=== What to do ===
Go through the listing below and repeat it exactly, omitting each picture.

=== Available data ===
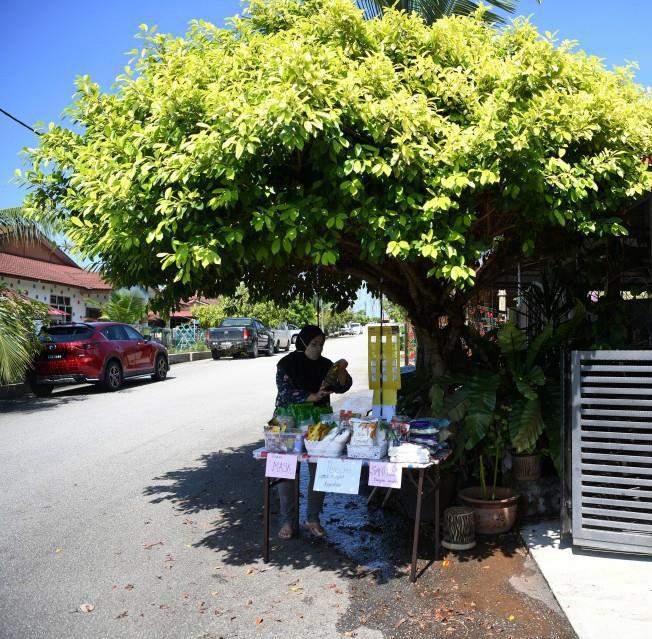 Pahang teacher spends rm500 from her savings a day to set up food bank for the needy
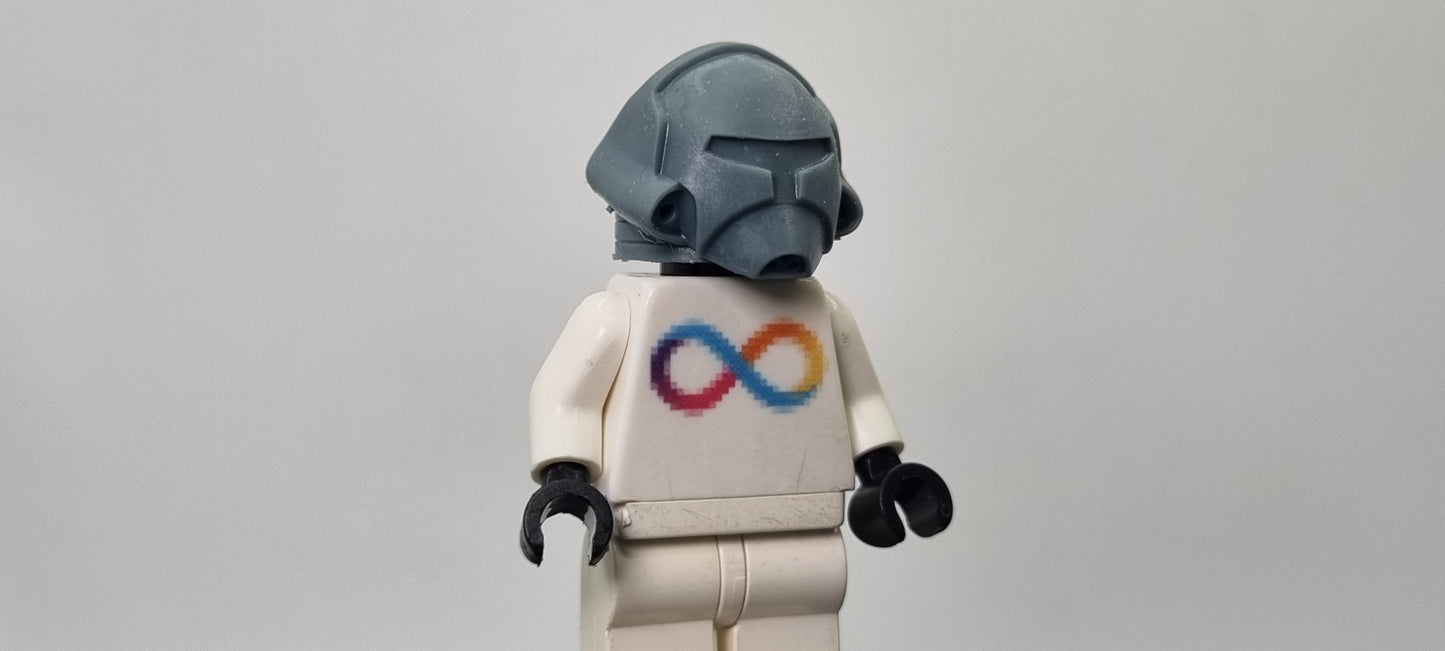 Building toy custom 3D printed galaxy wars classic good side helmet! Printed in high resolution 12k!
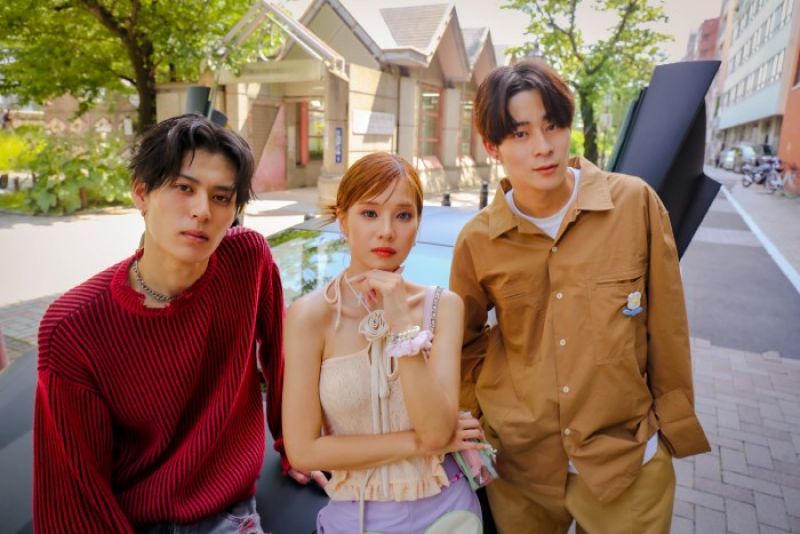 Ho&agrave;ng Yến Chibi h&eacute; lộ b&iacute; quyết l&agrave;m việc với 2 nam thần khi kh&ocirc;ng hiểu tiếng Nhật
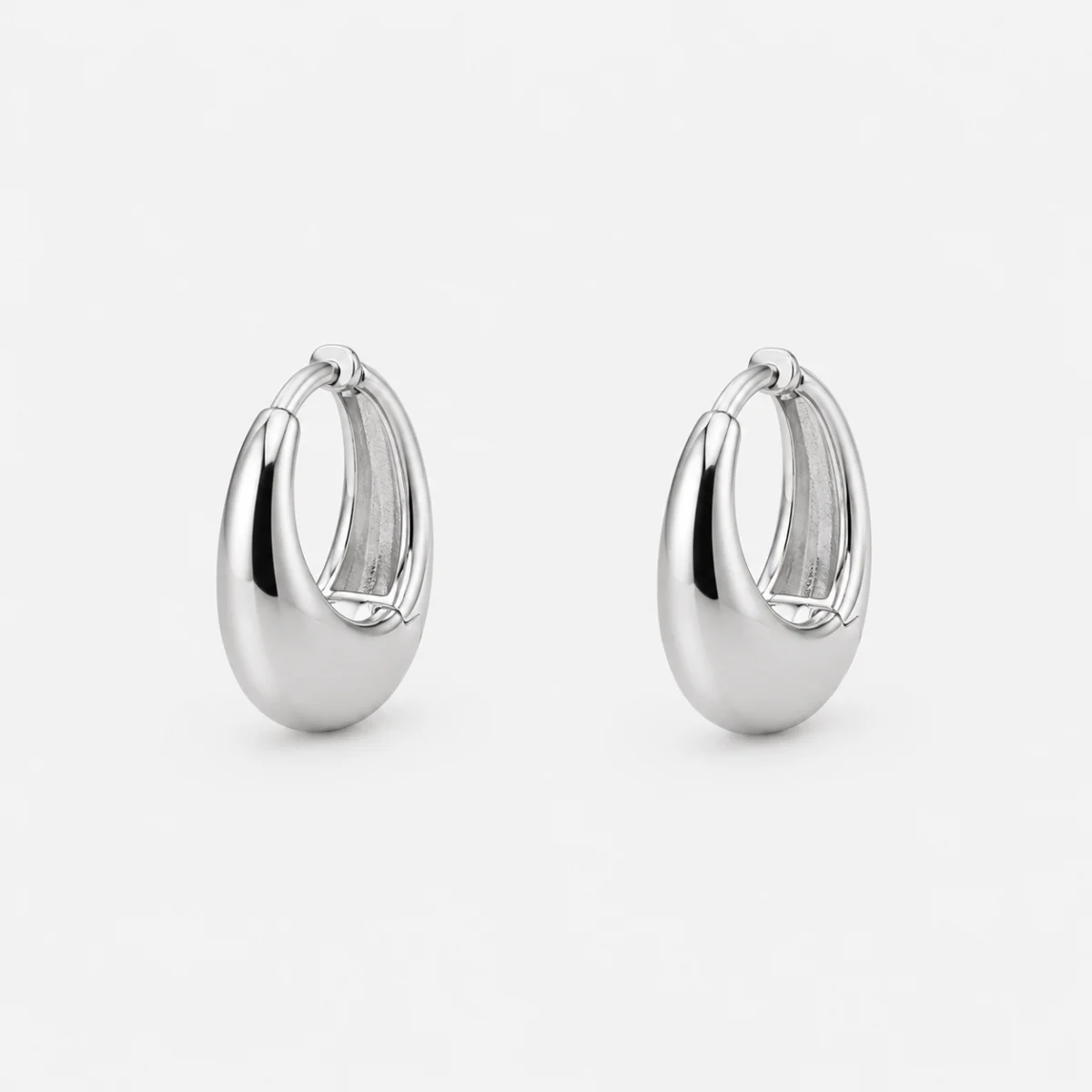 Premium Seri | Bombeli Silver Halka Küpe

=== Answer space ===
 Pahang teacher spends rm500 from her savings a day to set up food bank for the needy
 Building toy custom 3D printed galaxy wars classic good side helmet! Printed in high resolution 12k!
 Ho&agrave;ng Yến Chibi h&eacute; lộ b&iacute; quyết l&agrave;m việc với 2 nam thần khi kh&ocirc;ng hiểu tiếng Nhật
 Premium Seri | Bombeli Silver Halka Küpe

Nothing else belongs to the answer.